I spend a lot of time trying to gently explain to non-theatre people why their ideas don't quite fit theatre today - let alone never. I sometimes am asked by building code folks for some input on a specific issue and cringe at the rest of the plan. My favorite is the dressing rooms about 2' off stage of proscenium opening. Way too common. It is frightening what little good sense sometimes is brought to bear on theatre design and construction.


----------



## jcslighting (Jan 9, 2016)

Les said:


> caution: If it comes crashing down, you might be called out as the last one who was seen messing with it. Don't let yourself become a scapegoat. I've ended my relationship with places because they expected me to hang lights on sketchy rigging and refused to make improvements moving forward.
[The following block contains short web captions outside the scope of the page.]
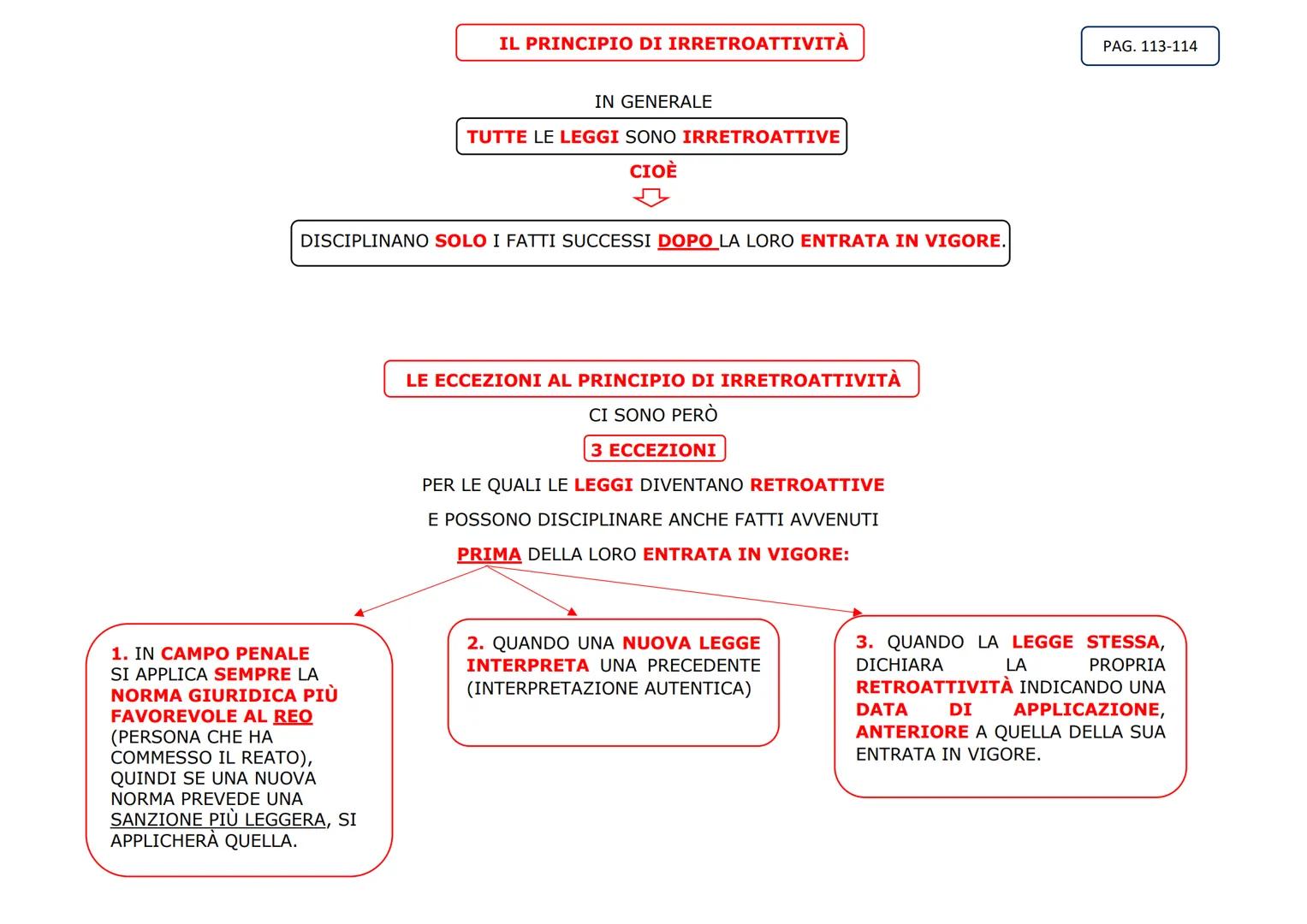 NORME DI
COSTUME
NORME DI
BUON
COMPOR
TAMENTO
NORME MORALI
COMPORTAM
ENTI
CONFORMI
ALL'IDEA DI
GIUSTIZIA
NORME SOCIALI
COSA SONO?
SONO REGOL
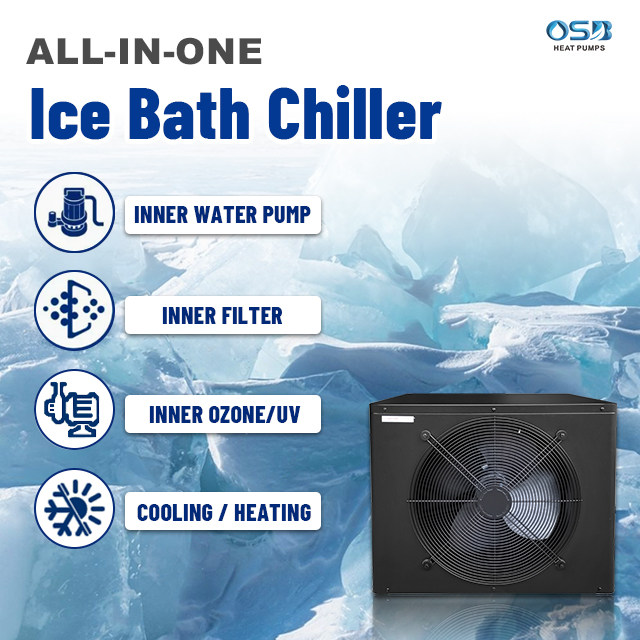O.S.B. Heat Pump | China Professional Heat Pump Manufacturer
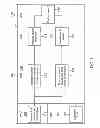 Fig. 02 - CONTROLLING FAST ACQUISITION HARDWARE TO PRE-POSITION A SATELLITE TO CONSTRAIN BASEBAND SEARCHES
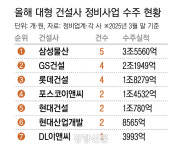 도시정비사업, 치열한 경쟁도 ‘옛말’인데 ‘빅 매치’되는 곳은 따로 있다[올앳부동산]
I've wondered about potential liability in the event of the unthinkable. Trying to keep the total load as light as possible and evenly distributed. While it seems sturdy enough I would bet anything that none
of the hardware involved was/is load rated. It has presented challenges design wise by having to keep lekos off the FOH pipe. I have gotten use to throwing gobos from the balcony rail and from the
sides or on booms. The overstage electrics were hung with what appears to be playground type chain. I changed all that out a few years back with rated hardware. There was just no way I was even thinking of hanging
any amount of weight over someone's head on that stuff. BTW, these overstage pipes were mounted on plugging strips and I have no idea who installed them but they were hung with 5 pcs of "swingset" chain onto eyebolts
set into the plaster ceiling. I knocked the plaster loose to make sure the new hardware went into the center of a joist and changed out all the chains.


----------



## jcslighting (Jan 9, 2016)

BillConnerASTC said:


> I spend a lot of time trying to gently explain to non-theatre people why their ideas don't quite fit theatre today - let alone never. I sometimes am asked by building code folks for some input on a specific issue and cringe at the rest of the plan. My favorite is the dressing rooms about 2' off stage of proscenium opening. Way too common. It is frightening what little good sense sometimes is brought to bear on theatre design and construction.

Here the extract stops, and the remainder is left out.